As part of the annual Brain Awareness Week, scientists from the Division of Neuroscience and Psychological Medicine at Imperial College School of Medicine will give talks illustrating the many ways in which the brain is being explored and how these studies are being used to treat the damaged brain.

Journalists are invited to attend the Brain Awareness Week event at Imperial College School of Medicine at Charing Cross Hospital, on Tuesday 13 March.

This will be an ideal opportunity to hear how Imperial College scientists working on the anatomy, physiology, pharmacology, molecular biology, and molecular genetics of the brain are increasingly combining their efforts to gain a clearer understanding of how the brain works.

Eight researchers at the cutting edges of brain research will deliver stimulating half-hour lectures containing video clips, slides and demonstrations, in some cases involving members of the audience.

Speakers from across the College and from other institutes include:

  • Professor John Gruzelier, Professor of Psychology, Imperial College, will discuss the reality of mind over matter in his talk on brain wave control
  • Professor Russell Foster, Professor of Molecular Neuroscience, Imperial College, on biological clocks - why we are slaves to the rhythm
  • Dr Andrew Montgomery, MRC Clinical Sciences Centre at Imperial College, on imaging neurotransmitter levels in the living human brain using video games
  • Professor Manuel Graeber, Professor of Neuropathology, Imperial College on degenerative brain diseases and the inbuilt death programme of nerve cells
  • Dr Derk-Jan Dijk, University of Surrey, on the how and why of our sleep

The full programme, list of the supporting posters and links to Speakers home pages is available online at:

Russell Foster, Professor of Molecular Neuroscience and Chair of the Department of Integrative and Molecular Neuroscience at Imperial College School of Medicine said: "A multidisciplinary approach to brain research has led to unprecedented advances in our understanding of this most remarkable and complex of organs. For example now we are beginning to understand how changes in the activity of specific genes can alter brain function, and ultimately change our behaviour.

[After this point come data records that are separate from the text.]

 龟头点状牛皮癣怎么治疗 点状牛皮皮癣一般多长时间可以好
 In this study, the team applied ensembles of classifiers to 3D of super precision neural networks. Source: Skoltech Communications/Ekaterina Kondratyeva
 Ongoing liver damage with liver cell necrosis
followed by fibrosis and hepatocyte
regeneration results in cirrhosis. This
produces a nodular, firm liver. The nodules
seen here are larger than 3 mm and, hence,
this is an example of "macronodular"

"Our day of talks during Brain Awareness Week will illustrate the varied ways in which the brain is being explored and how these studies are being used to treat the damaged brain"

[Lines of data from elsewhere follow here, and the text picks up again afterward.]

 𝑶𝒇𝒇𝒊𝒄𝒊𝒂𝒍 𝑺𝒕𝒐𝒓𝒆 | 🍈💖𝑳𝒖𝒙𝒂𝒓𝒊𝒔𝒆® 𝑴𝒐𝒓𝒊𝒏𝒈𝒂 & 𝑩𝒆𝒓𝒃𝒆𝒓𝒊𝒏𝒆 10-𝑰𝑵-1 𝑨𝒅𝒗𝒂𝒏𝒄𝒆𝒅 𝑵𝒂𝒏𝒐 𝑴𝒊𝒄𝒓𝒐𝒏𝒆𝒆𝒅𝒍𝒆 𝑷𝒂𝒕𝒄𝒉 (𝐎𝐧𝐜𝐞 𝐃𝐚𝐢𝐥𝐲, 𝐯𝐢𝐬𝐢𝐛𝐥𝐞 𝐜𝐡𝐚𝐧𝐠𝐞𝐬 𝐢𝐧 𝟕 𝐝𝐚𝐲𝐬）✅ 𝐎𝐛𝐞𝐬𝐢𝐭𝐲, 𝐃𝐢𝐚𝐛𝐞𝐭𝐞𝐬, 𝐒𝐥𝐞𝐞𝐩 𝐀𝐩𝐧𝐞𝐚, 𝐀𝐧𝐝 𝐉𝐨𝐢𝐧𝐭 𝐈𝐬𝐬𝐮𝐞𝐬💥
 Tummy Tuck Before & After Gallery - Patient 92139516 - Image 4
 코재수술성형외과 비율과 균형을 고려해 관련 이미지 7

These talks are aimed at A-level students from schools in and around the London and South East regions, and are also open to journalists, members of the public, and students from across the College.

There will also be a number of demonstrations and activities taking place on the concourse area outside the Drew lecture theatre, both during lunch (12:00 - 1:00pm) and following the last afternoon lectures, after 15:00pm. This will include a demonstration of Prof John Gruzeliers Feedback research, and Prof Manuel Graebers display of human brain models.

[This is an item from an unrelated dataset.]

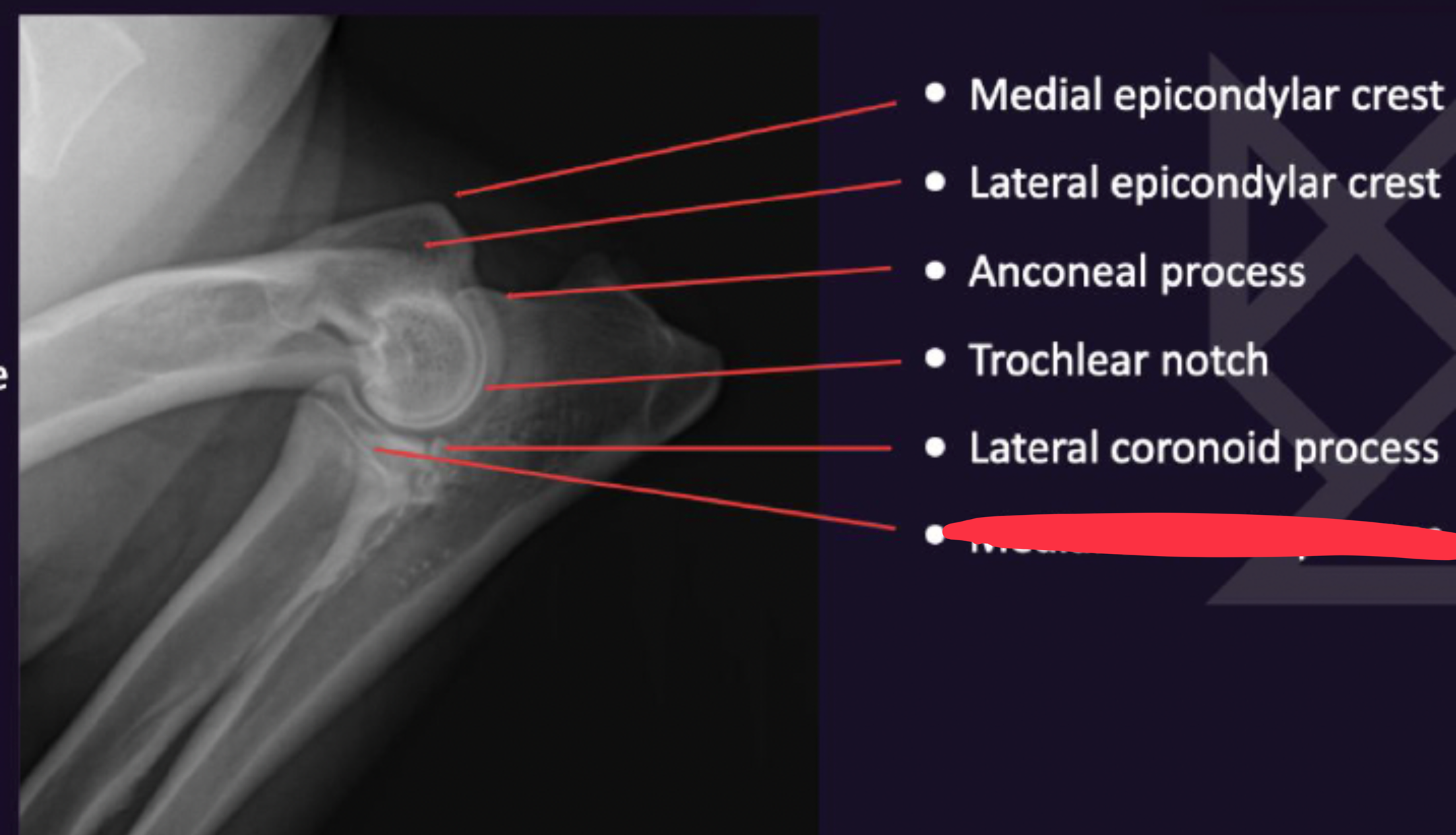 term image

This will also be an ideal opportunity to meet and have informal discussions with staff and current students in the division of Neuroscience and Psychological Medicine.

For further information contact:

Tom Miller
Imperial College Press Office
Tel: +44 (0)20 7594 6704
Mob: +44 (0)7803 886248
Fax: +44 (0)20 7594 6700


LOCATION: The strong> The Drew Lecture Theatre and Concourse, the Reynolds Building, Imperial College School of Medicine, St Dunstans Road, London W6 8RP.

The Reynolds Building is next to Charing Cross Hospital, Fulham Palace Road, London, W6 8RF.

Nearest tubes are Hammersmith and Barons Court.

TIME: 10am to 5pm, Tuesday 13 March 2000

Please confirm your interest with Tom Miller, details above.

Notes to Editors

1. The full programme and further information about the speakers is available online at: - or you can request it from Tom Miller, as above.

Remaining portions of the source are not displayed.